The task
Look through the entries below and extract exactly the lines from the one containing "Nasal strips" through the one containing "Lipofilling Visage Rajeunissement", ends included.

Material supplied
----------
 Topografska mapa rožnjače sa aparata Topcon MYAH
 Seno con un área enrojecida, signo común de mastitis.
----------
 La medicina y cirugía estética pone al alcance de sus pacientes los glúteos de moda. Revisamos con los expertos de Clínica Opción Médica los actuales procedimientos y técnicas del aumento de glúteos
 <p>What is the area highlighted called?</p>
----------
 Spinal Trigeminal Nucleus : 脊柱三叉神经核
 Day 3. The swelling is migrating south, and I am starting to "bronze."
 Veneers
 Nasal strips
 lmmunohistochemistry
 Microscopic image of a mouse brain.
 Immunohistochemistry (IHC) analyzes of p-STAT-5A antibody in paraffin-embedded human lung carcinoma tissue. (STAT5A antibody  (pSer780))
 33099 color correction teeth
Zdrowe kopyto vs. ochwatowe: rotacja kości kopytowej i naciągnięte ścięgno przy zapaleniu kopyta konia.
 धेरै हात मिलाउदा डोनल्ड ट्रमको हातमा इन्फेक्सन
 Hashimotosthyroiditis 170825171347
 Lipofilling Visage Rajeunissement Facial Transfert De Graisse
----------
Problem solution
 Nasal strips
 lmmunohistochemistry
 Microscopic image of a mouse brain.
 Immunohistochemistry (IHC) analyzes of p-STAT-5A antibody in paraffin-embedded human lung carcinoma tissue. (STAT5A antibody  (pSer780))
 33099 color correction teeth
Zdrowe kopyto vs. ochwatowe: rotacja kości kopytowej i naciągnięte ścięgno przy zapaleniu kopyta konia.
 धेरै हात मिलाउदा डोनल्ड ट्रमको हातमा इन्फेक्सन
 Hashimotosthyroiditis 170825171347
 Lipofilling Visage Rajeunissement Facial Transfert De Graisse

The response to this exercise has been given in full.